[Ksummit-discuss] [MAINTAINERS SUMMIT] Deprecation / Removal of old hardware support

Geert Uytterhoeven geert at linux-m68k.org
Wed Sep 12 06:40:52 UTC 2018


Hi Thomas,

On Tue, Sep 11, 2018 at 11:50 PM Thomas Gleixner <tglx at linutronix.de> wrote:
> On Wed, 12 Sep 2018, Laurent Pinchart wrote:
> > On Tuesday, 11 September 2018 22:33:08 EEST Greg KH wrote:
> > > On Tue, Sep 11, 2018 at 11:37:25AM +0200, Lukasz Majewski wrote:
> > > > In the kernel community we pose a lot of attention to security (for
> > > > example the prompt reaction on meltdown/spectre), but in the same time
> > > > we tend to forget about the "long lived" devices and force their
> > > > maintainers to use 2.6.x kernels..... (or even 2.4.x).
> > >
> > > We care, but really, how much can we do here?
> > >
> > > I've been working a lot with the Adroid ecosystem to try to help fix
> > > their bad habits of "grab a random kernel and ship it and never update
> > > it" by providing longer lived kernels that they can constantly update
> > > their devices to.
> > >
> > > But their lifetimes is much shorter compared to yours, and I have no
> > > insight into what kernels are being used, what configurations you all
> > > care about, and how long you need/want them updated.
> > >
> > > Working with really old kernels like you have, without hardware
> > > available to test is a hard task.  If your hardware is in a system like
> > > kernelci, then you can be sure that any new kernel will work properly
> > > with your system and then you might not want to have to stay with really
> > > old kernels that no one can maintain :)
> > >
> > > There's a Linux Foundation project, "CIP" that wants to maintain kernels
> > > for devices like what you are making for 20+ years.  They are having the
> > > problems of not knowing exactly what platforms they wish to support, but
> > > their goal is good, hopefully they eventually nail something down and we
> > > can work together.  Perhaps you should contact them to try to help solve
> > > this issue for everyone?
> >
> > I may be wrong, but I understand Lukasz's comment as the exact opposite: we
> > forget about long-lived devices and drop their support while they're still in
> > active use, forcing vendors to start using old and unsupported kernels.
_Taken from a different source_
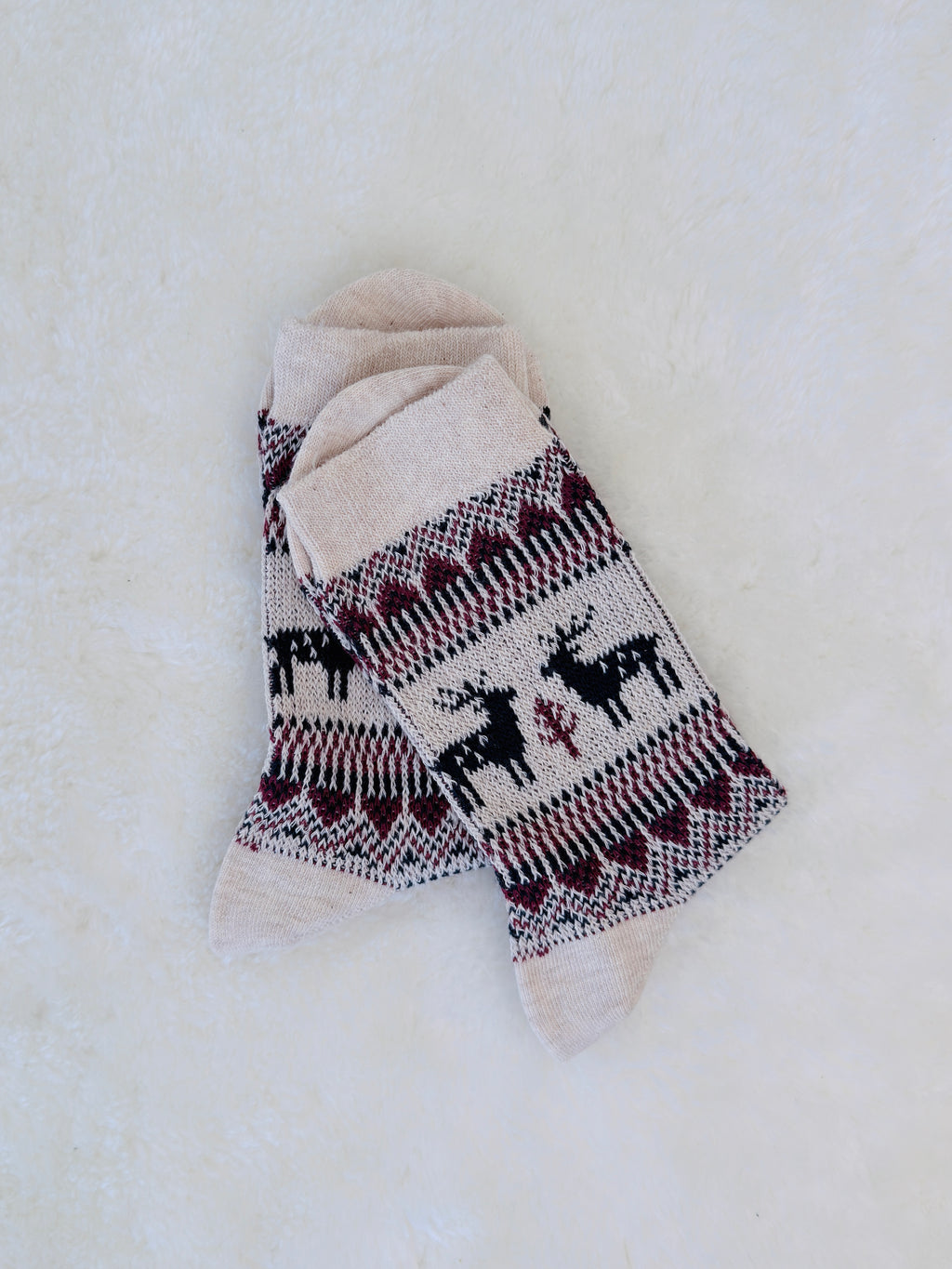 Cozy small-sized winter crew socks featuring red and navy Nordic reindeer patterns, perfect for women or youth. Ivory Colour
If a
> > large number of ARMv4(T) devices are still being actively deployed and
> > maintain, we should treat them as first-class citizens.
>
> But that does not mean, that we have to support ancient compilers
> forever. If that stuff needs to be treated as first class citizens then
> someone who has vested interest in this needs to fix that. That's none of
> our business, really.

The issue here is that gcc dropped armv4 (not v4t AFAIK) support.

Gr{oetje,eeting}s,

                        Geert

-- 
Geert Uytterhoeven -- There's lots of Linux beyond ia32 -- geert at linux-m68k.org

In personal conversations with technical people, I call myself a hacker. But
when I'm talking to journalists I just say "programmer" or something like that.